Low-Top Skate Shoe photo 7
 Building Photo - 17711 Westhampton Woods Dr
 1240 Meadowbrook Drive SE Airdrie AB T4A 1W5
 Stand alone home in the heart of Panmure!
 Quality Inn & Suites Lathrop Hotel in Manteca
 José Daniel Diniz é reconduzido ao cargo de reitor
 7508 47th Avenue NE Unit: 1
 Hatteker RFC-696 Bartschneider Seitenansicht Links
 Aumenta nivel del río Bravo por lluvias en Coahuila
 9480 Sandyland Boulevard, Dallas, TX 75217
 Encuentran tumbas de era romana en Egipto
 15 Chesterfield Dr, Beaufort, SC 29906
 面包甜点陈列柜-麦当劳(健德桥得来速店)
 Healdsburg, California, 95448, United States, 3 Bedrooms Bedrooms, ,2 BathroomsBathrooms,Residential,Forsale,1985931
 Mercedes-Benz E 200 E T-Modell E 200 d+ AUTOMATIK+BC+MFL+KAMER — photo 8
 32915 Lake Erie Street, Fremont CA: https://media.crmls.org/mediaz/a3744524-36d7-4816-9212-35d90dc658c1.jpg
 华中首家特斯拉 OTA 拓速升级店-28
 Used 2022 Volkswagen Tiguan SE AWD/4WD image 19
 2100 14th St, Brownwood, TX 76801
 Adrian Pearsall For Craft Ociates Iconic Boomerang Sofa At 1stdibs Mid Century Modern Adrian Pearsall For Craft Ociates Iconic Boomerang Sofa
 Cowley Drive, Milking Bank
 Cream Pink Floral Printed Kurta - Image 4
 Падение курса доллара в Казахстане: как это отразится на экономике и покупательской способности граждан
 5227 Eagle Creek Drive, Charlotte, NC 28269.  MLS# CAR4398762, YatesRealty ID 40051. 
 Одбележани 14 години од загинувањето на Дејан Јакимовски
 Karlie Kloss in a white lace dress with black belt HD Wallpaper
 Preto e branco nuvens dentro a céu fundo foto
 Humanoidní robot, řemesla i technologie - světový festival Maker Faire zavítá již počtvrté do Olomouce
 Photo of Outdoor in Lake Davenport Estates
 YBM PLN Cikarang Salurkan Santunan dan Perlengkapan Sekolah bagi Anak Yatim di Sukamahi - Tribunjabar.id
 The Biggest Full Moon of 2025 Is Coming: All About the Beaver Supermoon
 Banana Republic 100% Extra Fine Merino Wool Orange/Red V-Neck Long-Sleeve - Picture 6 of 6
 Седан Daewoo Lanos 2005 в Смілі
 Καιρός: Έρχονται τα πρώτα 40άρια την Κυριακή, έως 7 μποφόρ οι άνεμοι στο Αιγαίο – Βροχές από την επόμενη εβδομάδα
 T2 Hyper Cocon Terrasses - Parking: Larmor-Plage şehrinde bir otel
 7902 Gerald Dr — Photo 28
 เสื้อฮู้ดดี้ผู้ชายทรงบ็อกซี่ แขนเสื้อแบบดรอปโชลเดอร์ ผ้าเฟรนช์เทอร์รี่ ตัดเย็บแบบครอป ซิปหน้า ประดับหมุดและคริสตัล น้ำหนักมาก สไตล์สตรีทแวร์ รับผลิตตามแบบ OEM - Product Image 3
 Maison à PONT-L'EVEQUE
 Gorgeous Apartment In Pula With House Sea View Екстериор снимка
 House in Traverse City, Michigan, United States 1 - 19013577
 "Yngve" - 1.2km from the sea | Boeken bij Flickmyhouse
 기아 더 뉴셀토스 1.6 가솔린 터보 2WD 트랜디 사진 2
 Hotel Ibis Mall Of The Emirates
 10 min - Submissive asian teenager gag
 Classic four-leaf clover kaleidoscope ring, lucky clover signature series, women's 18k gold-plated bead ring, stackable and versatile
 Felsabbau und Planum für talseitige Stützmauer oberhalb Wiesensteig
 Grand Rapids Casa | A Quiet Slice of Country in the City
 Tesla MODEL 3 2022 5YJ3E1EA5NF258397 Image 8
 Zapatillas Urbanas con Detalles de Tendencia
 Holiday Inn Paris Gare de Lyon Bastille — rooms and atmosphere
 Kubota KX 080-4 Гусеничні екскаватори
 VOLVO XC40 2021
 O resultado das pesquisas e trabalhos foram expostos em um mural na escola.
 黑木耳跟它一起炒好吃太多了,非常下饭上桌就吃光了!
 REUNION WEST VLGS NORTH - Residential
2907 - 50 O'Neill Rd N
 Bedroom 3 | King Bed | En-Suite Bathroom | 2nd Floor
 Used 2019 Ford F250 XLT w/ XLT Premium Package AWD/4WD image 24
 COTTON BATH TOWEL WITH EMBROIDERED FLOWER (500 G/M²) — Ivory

> **To do**: Taking the lines above, repeat exactly those from the line that contains "9480 Sandyland Boulevard, Dallas, TX 75217" through the line that contains "7902 Gerald Dr — Photo 28", and both of those lines as well. Include nothing else.

> **Final answer**:
 9480 Sandyland Boulevard, Dallas, TX 75217
 Encuentran tumbas de era romana en Egipto
 15 Chesterfield Dr, Beaufort, SC 29906
 面包甜点陈列柜-麦当劳(健德桥得来速店)
 Healdsburg, California, 95448, United States, 3 Bedrooms Bedrooms, ,2 BathroomsBathrooms,Residential,Forsale,1985931
 Mercedes-Benz E 200 E T-Modell E 200 d+ AUTOMATIK+BC+MFL+KAMER — photo 8
 32915 Lake Erie Street, Fremont CA: https://media.crmls.org/mediaz/a3744524-36d7-4816-9212-35d90dc658c1.jpg
 华中首家特斯拉 OTA 拓速升级店-28
 Used 2022 Volkswagen Tiguan SE AWD/4WD image 19
 2100 14th St, Brownwood, TX 76801
 Adrian Pearsall For Craft Ociates Iconic Boomerang Sofa At 1stdibs Mid Century Modern Adrian Pearsall For Craft Ociates Iconic Boomerang Sofa
 Cowley Drive, Milking Bank
 Cream Pink Floral Printed Kurta - Image 4
 Падение курса доллара в Казахстане: как это отразится на экономике и покупательской способности граждан
 5227 Eagle Creek Drive, Charlotte, NC 28269.  MLS# CAR4398762, YatesRealty ID 40051. 
 Одбележани 14 години од загинувањето на Дејан Јакимовски
 Karlie Kloss in a white lace dress with black belt HD Wallpaper
 Preto e branco nuvens dentro a céu fundo foto
 Humanoidní robot, řemesla i technologie - světový festival Maker Faire zavítá již počtvrté do Olomouce
 Photo of Outdoor in Lake Davenport Estates
 YBM PLN Cikarang Salurkan Santunan dan Perlengkapan Sekolah bagi Anak Yatim di Sukamahi - Tribunjabar.id
 The Biggest Full Moon of 2025 Is Coming: All About the Beaver Supermoon
 Banana Republic 100% Extra Fine Merino Wool Orange/Red V-Neck Long-Sleeve - Picture 6 of 6
 Седан Daewoo Lanos 2005 в Смілі
 Καιρός: Έρχονται τα πρώτα 40άρια την Κυριακή, έως 7 μποφόρ οι άνεμοι στο Αιγαίο – Βροχές από την επόμενη εβδομάδα
 T2 Hyper Cocon Terrasses - Parking: Larmor-Plage şehrinde bir otel
 7902 Gerald Dr — Photo 28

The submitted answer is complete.